To sum up how I felt in those last 4 miles… The 3:50 pacer passed me with 100 yards to go, right where DH and DD were cheering and said, “you can’t let me pass you now in front of the kid,” and I just yelled back, “sure I can!” and I did. BUT I still finished under 3:50 and I was 5th out of 71 in my age group and 25th woman overall, which I believe indicates the tough conditions of the day. Today, I am proudly wearing my “finisher” shirt as, even though my time wasn’t what I hoped, I am proud of my effort and that I put it all out on the course yesterday. Plus, I can say I finished a marathon in the remnants of a tropical storm! Oh, just as a kicker, today the weather is absolutely gorgeous!
Race day thoughts: “I’m happy I did not qualify for Boston – I’m never racing a marathon again.”

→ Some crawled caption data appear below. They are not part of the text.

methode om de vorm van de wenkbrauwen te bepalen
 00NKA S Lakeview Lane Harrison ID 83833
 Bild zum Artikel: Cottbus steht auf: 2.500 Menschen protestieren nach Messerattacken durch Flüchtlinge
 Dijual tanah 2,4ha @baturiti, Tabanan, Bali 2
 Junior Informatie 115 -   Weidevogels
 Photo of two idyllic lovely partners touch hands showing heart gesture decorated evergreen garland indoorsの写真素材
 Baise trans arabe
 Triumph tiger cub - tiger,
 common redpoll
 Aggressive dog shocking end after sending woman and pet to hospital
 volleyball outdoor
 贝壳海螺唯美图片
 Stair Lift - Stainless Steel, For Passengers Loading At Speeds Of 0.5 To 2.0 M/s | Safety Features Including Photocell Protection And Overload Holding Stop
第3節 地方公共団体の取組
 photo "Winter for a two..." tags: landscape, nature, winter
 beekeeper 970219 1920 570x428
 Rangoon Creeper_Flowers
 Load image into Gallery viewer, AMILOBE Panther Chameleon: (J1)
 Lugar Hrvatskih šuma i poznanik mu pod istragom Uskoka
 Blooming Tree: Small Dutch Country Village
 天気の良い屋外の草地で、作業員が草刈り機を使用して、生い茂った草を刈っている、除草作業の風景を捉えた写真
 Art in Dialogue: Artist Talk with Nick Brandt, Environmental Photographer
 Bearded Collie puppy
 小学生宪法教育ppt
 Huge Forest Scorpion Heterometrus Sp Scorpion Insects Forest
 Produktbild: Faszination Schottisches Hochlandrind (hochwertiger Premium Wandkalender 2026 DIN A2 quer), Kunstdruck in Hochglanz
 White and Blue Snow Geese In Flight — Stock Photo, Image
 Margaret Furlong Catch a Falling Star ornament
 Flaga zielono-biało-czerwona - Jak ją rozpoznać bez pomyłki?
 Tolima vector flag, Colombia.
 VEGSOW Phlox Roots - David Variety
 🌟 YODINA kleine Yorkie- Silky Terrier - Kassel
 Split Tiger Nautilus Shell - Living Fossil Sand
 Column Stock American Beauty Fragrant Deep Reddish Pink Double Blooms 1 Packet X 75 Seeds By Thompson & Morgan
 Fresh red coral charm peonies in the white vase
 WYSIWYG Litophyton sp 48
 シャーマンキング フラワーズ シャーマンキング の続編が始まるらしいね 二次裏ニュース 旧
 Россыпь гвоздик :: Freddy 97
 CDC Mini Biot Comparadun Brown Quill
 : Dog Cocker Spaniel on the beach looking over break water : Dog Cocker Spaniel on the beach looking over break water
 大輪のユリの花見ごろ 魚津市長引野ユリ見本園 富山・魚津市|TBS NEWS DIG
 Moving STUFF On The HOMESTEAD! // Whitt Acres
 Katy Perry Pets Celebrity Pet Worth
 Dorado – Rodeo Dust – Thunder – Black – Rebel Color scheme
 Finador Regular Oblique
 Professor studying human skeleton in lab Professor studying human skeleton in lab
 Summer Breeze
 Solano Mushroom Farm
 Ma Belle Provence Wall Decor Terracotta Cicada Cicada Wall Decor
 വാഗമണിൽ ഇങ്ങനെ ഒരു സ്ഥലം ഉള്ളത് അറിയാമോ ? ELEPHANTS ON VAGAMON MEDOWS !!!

Day after race day thoughts: “This race would count as a good long training run…I wonder what local marathons there are at the end of November? Maybe I could run Philly better…” Contemplating it at least! 😊
Lessons learned: Marathons are a special form of hard and you can’t underestimate them. Only racing a marathon can show you what racing a marathon is like (kind of like only childbirth can prepare you for what childbirth is like– and that is the only comparison that can be made between those two things). I don’t think a perfectly flat course worked for me. The only inclines were before mile 5 and I think the complete flatness contributed to the joint pain. There was no variation on what was being impacted with EVERY step. Don’t wear shoes that do not fit perfectly – duh – stupid rookie mistake for someone that is not a rookie. Practice fueling – my fueling while running was pretty much non-existent, which probably contributed to that wall-smack.
Not what I hoped for, nor what I expected, but a finished marathon is a good marathon (since although in some pain today, I believe nothing is injured)!